--- Material to process ---
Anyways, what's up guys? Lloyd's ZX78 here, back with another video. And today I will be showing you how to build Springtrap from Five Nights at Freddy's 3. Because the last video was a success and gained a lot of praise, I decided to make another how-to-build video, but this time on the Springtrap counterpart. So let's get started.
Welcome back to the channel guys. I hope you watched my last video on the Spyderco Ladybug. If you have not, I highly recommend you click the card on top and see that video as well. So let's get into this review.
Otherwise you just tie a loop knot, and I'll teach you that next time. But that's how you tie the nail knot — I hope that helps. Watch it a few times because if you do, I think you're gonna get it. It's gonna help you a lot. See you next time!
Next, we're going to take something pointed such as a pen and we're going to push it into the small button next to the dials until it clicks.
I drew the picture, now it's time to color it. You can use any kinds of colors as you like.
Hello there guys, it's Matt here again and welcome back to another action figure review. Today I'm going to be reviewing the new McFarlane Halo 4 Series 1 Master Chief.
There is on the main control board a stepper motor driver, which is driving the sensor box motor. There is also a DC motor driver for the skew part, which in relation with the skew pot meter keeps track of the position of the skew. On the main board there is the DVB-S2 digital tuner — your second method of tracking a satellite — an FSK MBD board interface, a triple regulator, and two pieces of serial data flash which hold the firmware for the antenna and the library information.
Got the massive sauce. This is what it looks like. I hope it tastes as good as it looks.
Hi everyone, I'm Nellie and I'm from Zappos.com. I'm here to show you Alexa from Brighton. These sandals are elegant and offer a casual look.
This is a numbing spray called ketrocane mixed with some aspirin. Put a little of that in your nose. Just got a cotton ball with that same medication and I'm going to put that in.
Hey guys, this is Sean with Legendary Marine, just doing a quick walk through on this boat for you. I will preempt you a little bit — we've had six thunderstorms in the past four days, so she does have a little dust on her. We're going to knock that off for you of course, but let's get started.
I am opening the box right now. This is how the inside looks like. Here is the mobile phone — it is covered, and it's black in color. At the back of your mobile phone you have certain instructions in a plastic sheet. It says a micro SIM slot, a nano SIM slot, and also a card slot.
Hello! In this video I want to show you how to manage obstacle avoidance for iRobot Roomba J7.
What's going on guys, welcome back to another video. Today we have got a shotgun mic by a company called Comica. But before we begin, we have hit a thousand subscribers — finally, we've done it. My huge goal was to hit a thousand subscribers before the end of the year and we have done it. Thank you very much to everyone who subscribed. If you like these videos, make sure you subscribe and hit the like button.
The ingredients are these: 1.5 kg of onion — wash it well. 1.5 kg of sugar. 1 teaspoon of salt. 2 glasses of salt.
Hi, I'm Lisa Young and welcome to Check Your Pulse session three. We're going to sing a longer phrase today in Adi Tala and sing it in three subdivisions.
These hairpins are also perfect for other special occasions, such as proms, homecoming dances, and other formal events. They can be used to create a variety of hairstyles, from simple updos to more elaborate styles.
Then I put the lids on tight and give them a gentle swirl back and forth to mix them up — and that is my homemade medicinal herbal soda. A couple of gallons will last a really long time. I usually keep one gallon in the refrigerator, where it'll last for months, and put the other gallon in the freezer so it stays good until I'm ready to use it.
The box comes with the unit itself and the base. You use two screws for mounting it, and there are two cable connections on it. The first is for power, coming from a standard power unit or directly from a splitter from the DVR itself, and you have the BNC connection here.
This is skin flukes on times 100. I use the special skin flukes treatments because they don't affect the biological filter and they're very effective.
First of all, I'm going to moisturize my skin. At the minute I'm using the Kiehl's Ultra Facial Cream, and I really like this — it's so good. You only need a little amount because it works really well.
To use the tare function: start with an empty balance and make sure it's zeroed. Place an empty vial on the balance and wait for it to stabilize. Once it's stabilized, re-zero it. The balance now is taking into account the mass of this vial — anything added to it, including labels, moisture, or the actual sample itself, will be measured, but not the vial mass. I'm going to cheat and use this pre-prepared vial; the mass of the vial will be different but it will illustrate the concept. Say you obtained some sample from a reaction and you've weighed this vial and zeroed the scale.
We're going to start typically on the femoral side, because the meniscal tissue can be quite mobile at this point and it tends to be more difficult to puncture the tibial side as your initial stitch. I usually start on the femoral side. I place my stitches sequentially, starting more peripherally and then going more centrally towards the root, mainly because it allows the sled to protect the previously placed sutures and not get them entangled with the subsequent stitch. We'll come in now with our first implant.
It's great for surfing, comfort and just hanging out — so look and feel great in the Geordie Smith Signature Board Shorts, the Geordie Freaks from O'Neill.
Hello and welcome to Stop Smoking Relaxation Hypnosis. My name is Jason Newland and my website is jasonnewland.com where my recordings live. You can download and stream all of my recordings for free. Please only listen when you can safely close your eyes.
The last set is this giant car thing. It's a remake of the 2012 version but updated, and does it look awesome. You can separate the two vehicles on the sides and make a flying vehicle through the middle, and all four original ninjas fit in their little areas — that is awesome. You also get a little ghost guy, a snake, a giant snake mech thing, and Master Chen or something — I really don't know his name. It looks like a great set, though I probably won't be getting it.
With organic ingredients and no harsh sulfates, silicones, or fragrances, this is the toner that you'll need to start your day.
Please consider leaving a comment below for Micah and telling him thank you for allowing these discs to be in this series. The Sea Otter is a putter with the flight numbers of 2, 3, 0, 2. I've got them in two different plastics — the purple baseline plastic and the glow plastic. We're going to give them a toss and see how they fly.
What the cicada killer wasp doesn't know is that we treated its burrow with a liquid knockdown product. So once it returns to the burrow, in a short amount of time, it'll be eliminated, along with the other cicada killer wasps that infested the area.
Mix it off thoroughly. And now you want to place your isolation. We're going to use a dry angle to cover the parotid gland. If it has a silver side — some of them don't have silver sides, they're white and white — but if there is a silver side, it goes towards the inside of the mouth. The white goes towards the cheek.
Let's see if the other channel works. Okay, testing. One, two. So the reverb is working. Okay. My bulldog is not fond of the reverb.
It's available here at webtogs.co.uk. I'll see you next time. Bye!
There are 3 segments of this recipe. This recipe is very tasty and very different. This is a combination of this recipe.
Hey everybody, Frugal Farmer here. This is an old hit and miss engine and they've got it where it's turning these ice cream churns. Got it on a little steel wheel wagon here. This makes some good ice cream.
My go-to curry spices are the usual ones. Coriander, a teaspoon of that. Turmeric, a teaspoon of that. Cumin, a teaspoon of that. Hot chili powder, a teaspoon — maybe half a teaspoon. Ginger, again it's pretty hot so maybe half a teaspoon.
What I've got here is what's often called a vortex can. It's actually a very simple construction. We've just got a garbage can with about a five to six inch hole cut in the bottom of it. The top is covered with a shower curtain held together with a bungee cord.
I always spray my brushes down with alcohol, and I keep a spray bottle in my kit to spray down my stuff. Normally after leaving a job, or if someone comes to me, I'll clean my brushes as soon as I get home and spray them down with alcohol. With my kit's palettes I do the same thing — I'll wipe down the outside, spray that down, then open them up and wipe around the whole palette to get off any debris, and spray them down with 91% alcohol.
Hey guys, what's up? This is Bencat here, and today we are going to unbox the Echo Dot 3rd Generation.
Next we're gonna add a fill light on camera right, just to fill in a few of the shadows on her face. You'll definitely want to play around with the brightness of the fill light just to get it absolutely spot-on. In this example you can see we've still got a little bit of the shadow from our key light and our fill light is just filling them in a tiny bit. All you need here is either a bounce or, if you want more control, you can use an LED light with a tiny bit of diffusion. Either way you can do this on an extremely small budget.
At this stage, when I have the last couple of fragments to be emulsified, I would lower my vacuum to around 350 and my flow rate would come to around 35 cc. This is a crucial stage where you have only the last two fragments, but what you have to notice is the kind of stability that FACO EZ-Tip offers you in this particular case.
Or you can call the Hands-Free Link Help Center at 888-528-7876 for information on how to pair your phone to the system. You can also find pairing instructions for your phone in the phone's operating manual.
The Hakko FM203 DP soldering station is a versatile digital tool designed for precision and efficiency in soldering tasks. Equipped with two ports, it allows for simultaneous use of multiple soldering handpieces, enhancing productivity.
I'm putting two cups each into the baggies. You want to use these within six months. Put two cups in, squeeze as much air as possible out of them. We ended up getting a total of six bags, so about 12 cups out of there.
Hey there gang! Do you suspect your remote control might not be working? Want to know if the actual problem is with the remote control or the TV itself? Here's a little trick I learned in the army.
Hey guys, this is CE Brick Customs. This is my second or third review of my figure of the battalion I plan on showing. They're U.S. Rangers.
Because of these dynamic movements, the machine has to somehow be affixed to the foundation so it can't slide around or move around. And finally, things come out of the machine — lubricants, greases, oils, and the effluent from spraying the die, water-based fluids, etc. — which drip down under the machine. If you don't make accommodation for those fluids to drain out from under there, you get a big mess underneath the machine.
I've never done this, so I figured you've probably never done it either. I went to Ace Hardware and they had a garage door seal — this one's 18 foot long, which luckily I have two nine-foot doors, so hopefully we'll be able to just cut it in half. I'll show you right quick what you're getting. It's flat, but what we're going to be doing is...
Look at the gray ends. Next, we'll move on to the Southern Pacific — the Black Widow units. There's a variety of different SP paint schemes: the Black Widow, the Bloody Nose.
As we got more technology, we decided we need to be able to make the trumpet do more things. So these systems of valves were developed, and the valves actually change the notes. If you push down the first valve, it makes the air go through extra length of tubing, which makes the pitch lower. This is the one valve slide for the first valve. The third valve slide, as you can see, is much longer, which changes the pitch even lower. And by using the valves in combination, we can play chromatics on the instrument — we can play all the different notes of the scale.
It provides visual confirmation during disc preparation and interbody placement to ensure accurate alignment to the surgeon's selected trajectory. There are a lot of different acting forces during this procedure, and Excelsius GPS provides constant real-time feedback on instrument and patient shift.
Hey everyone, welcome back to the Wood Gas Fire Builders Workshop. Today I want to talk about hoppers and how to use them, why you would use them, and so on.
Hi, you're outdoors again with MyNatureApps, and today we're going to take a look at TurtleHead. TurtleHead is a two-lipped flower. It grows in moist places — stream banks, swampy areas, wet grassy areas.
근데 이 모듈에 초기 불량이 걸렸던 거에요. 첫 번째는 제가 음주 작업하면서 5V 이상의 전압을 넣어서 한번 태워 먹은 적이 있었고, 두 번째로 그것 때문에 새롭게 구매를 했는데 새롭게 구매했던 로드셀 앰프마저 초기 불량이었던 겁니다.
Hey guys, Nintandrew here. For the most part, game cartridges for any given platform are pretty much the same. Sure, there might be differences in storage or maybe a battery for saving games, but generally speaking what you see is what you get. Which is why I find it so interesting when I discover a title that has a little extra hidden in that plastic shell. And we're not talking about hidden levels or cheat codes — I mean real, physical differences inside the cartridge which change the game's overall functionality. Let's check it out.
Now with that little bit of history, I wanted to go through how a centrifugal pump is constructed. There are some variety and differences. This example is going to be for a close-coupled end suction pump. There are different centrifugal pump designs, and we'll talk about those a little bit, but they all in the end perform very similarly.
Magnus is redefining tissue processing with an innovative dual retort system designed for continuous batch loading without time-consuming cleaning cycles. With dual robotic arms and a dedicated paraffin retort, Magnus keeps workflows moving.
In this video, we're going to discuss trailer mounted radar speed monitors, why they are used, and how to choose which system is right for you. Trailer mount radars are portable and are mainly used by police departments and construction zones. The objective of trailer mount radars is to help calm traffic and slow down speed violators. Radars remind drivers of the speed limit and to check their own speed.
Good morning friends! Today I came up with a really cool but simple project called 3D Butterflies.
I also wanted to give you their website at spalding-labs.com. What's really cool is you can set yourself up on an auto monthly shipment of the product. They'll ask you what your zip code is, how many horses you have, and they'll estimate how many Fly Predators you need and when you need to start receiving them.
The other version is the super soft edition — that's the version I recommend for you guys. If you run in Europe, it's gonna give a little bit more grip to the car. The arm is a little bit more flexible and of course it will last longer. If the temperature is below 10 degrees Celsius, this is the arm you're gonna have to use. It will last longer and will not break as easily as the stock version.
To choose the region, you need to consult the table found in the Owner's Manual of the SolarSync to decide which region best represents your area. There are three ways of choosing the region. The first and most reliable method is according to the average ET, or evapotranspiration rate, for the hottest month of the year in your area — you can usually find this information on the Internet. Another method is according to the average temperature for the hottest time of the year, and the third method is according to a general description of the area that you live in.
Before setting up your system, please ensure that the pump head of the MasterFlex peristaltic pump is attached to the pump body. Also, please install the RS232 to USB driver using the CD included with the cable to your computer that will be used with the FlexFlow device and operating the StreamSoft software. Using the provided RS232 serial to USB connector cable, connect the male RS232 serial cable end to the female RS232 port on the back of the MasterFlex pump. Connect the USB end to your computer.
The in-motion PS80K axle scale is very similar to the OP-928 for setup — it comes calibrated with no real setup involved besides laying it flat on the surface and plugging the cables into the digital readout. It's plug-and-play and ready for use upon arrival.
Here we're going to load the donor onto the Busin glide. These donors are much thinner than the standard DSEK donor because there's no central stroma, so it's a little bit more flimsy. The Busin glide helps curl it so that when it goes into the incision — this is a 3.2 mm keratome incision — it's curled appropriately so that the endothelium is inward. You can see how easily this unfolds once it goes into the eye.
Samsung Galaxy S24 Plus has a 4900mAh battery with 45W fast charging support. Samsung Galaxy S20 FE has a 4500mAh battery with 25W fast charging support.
---
-- Work instruction --
Return, word for word, every line from the top of the entries down to the line that holds "Welcome back to the channel", both included.

-- Expected answer --
Anyways, what's up guys? Lloyd's ZX78 here, back with another video. And today I will be showing you how to build Springtrap from Five Nights at Freddy's 3. Because the last video was a success and gained a lot of praise, I decided to make another how-to-build video, but this time on the Springtrap counterpart. So let's get started.
Welcome back to the channel guys. I hope you watched my last video on the Spyderco Ladybug. If you have not, I highly recommend you click the card on top and see that video as well. So let's get into this review.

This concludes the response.